What needs to be done: Please give back, word for word, only the lines starting at the one containing "The Flying Locksmiths" and ending at the one containing "Panorama of the" within the material below.

Dataset records Block Start

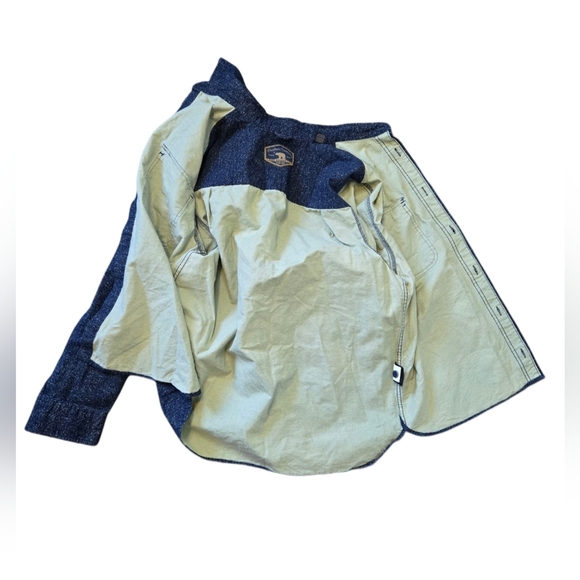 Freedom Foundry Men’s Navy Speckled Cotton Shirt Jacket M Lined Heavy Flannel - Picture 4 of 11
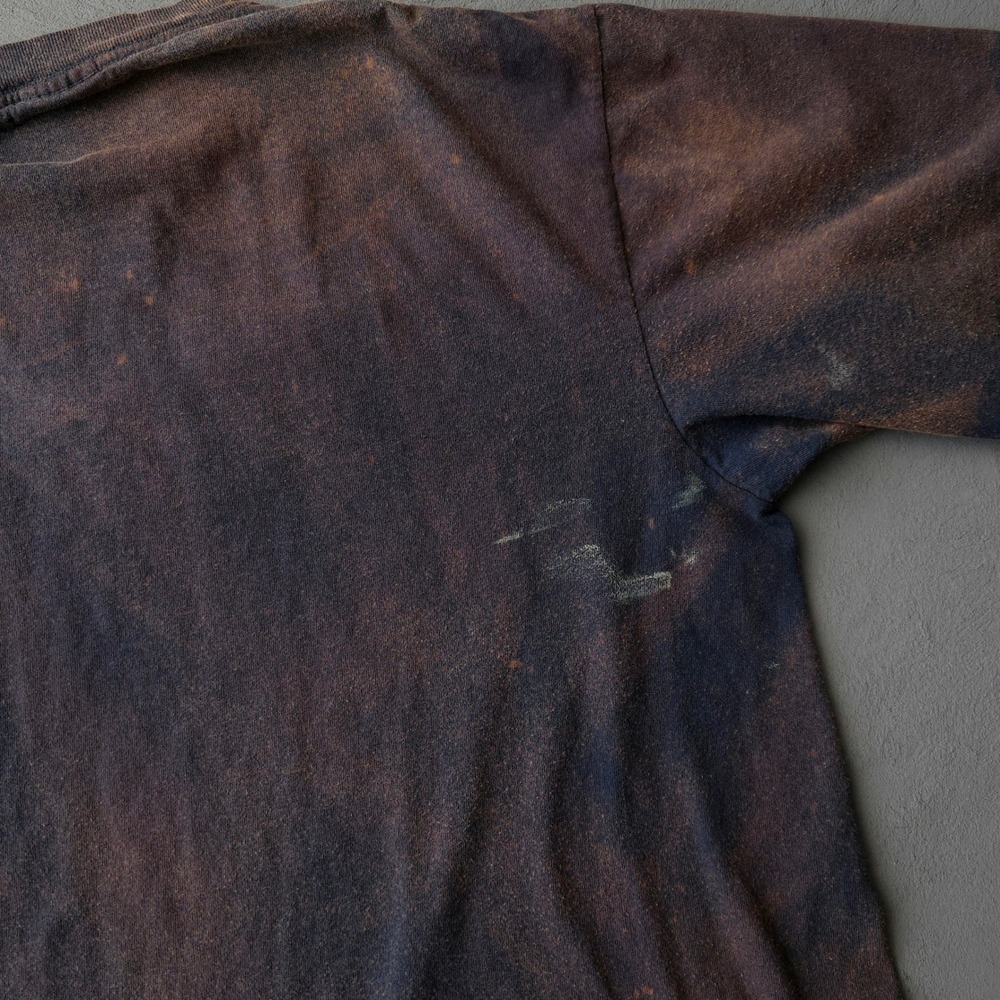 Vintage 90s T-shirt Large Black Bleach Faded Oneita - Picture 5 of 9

Dataset records Block End
Dataset records Block Start

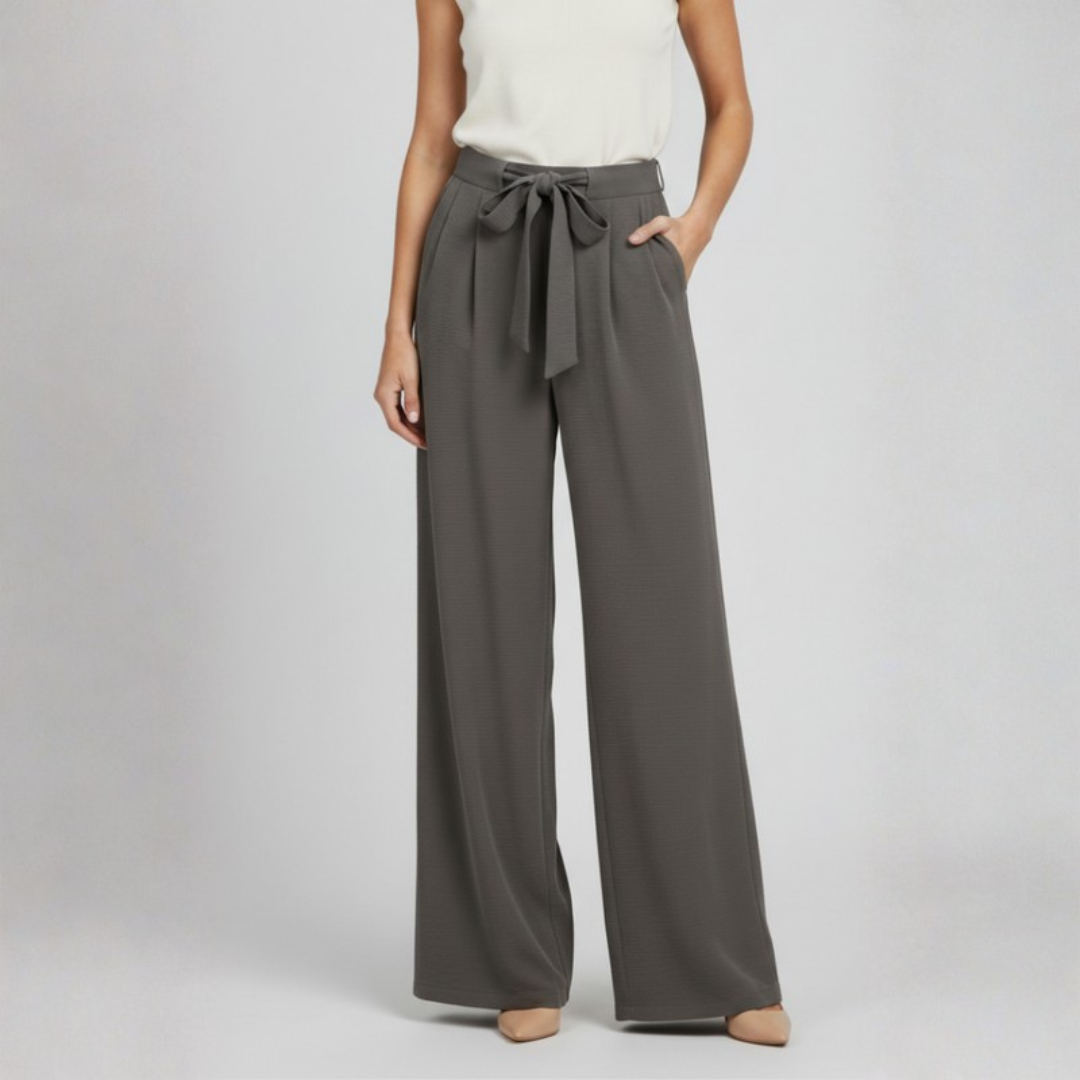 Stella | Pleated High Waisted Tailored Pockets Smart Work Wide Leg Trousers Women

Dataset records Block End
Dataset records Block Start

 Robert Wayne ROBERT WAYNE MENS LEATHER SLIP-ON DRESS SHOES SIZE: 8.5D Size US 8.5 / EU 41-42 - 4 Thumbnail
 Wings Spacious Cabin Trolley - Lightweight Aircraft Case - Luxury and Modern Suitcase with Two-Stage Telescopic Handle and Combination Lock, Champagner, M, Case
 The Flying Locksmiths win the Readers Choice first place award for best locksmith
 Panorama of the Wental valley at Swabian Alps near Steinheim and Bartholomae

Dataset records Block End

Exercise result:
 The Flying Locksmiths win the Readers Choice first place award for best locksmith
 Panorama of the Wental valley at Swabian Alps near Steinheim and Bartholomae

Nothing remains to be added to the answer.